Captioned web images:
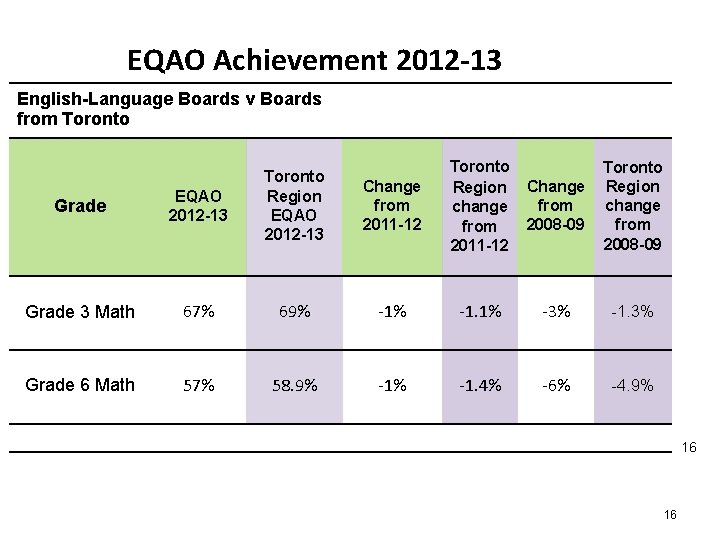 EQAO Achievement 2012 -13 English-Language Boards v Boards from Toronto Change from 2011 -12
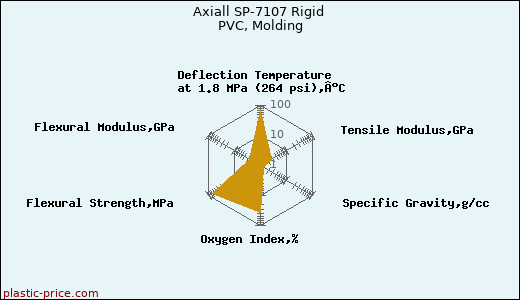 Axiall SP-7107 Rigid PVC, Molding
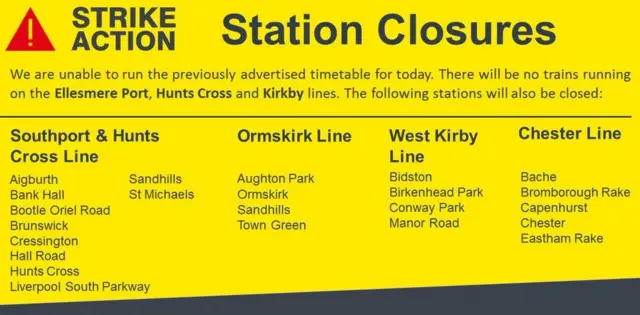 Merseyrail list of stations closed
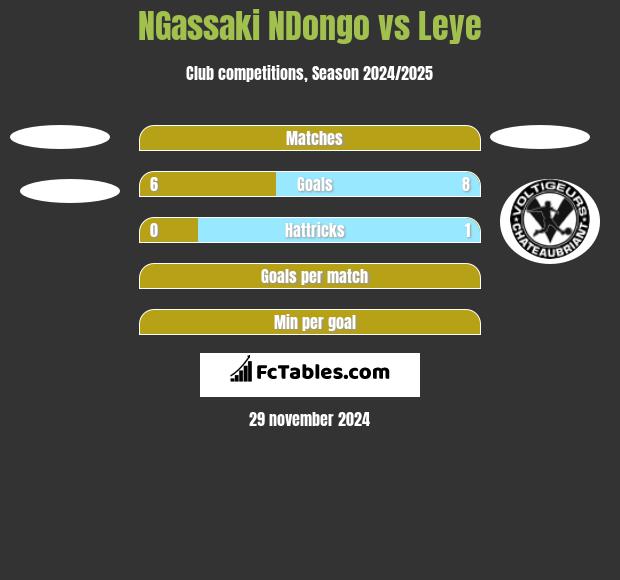 NGassaki NDongo vs Leye h2h player stats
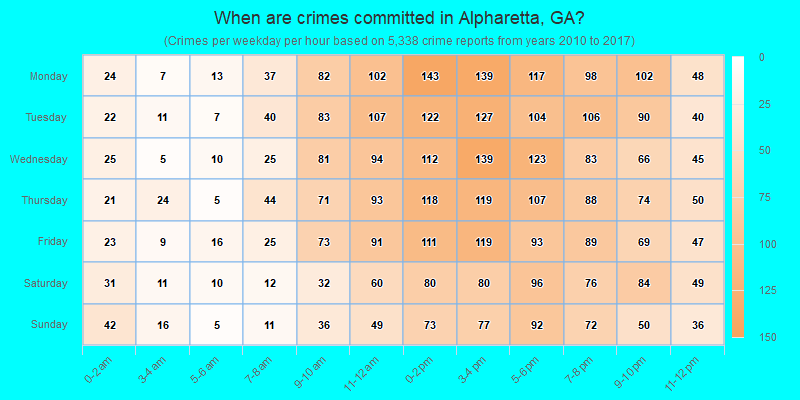 When are crimes committed in Alpharetta, GA?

*Work instruction*
Copy all of the data above exactly. Leave out every picture.

*Response area*
 EQAO Achievement 2012 -13 English-Language Boards v Boards from Toronto Change from 2011 -12
 Axiall SP-7107 Rigid PVC, Molding
 Merseyrail list of stations closed
 NGassaki NDongo vs Leye h2h player stats
 When are crimes committed in Alpharetta, GA?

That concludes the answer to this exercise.